--- Problem description ---
Nothing in the listing should be altered when it is copied, and no picture goes into the copy.

Dataset excerpt Start Marker

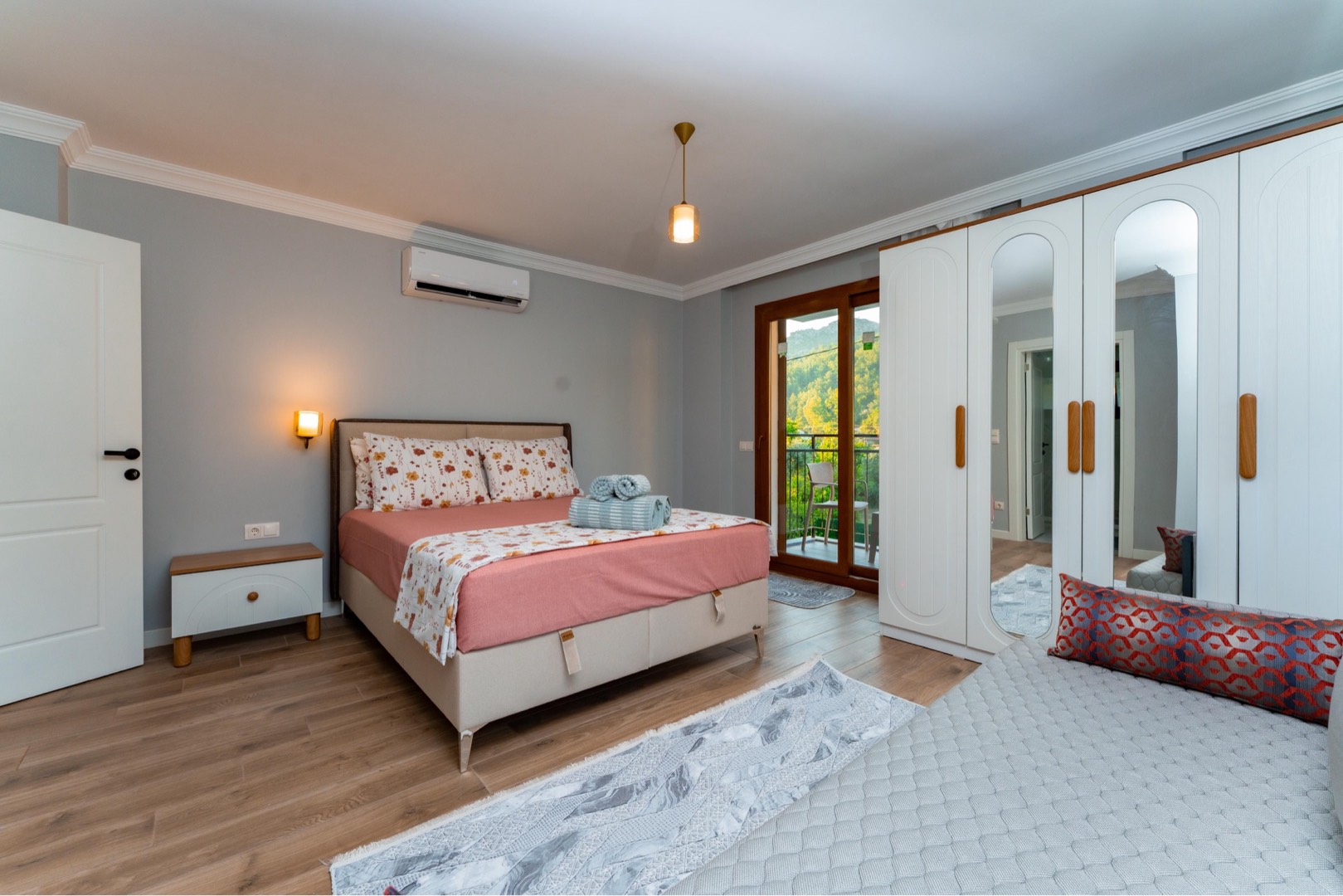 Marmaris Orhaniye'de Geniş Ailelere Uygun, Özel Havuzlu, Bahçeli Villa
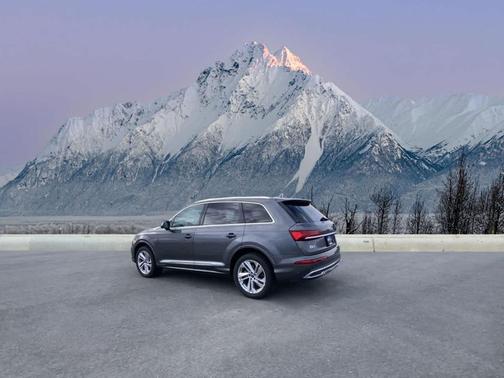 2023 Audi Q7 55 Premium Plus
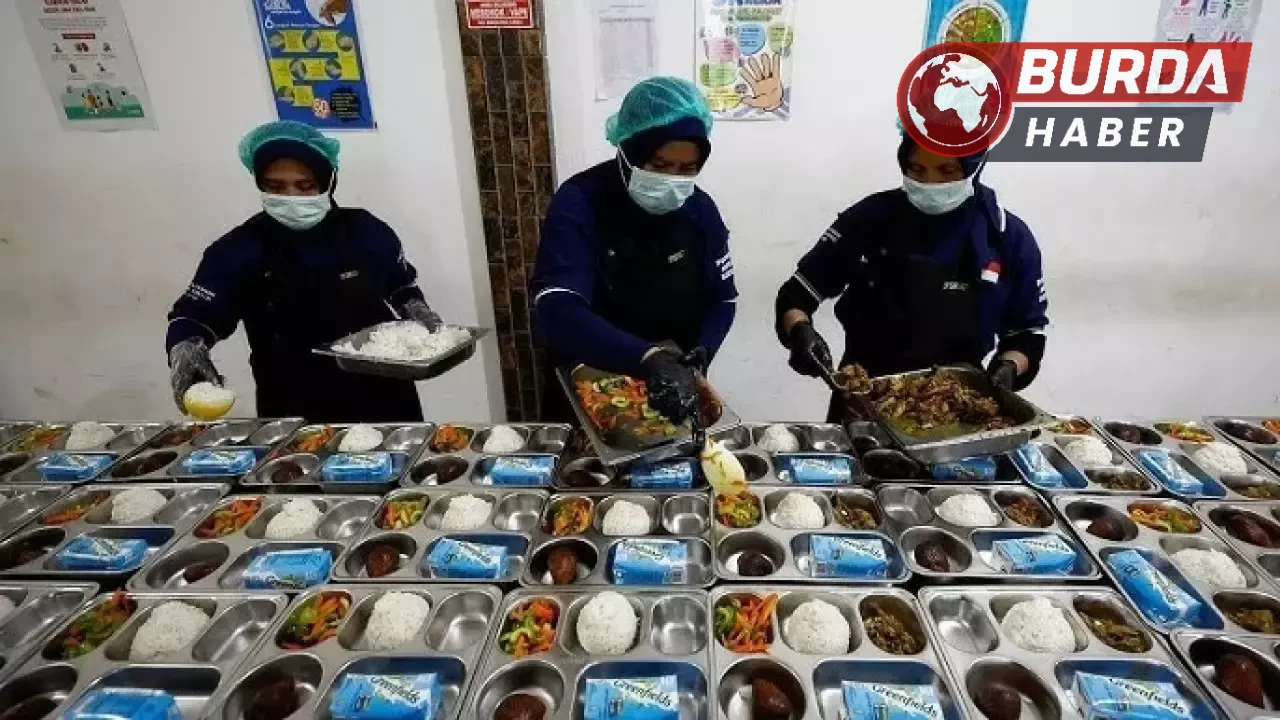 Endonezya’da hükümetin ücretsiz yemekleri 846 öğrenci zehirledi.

Dataset excerpt End Marker

--- Result ---
 Marmaris Orhaniye'de Geniş Ailelere Uygun, Özel Havuzlu, Bahçeli Villa
 2023 Audi Q7 55 Premium Plus
 Endonezya’da hükümetin ücretsiz yemekleri 846 öğrenci zehirledi.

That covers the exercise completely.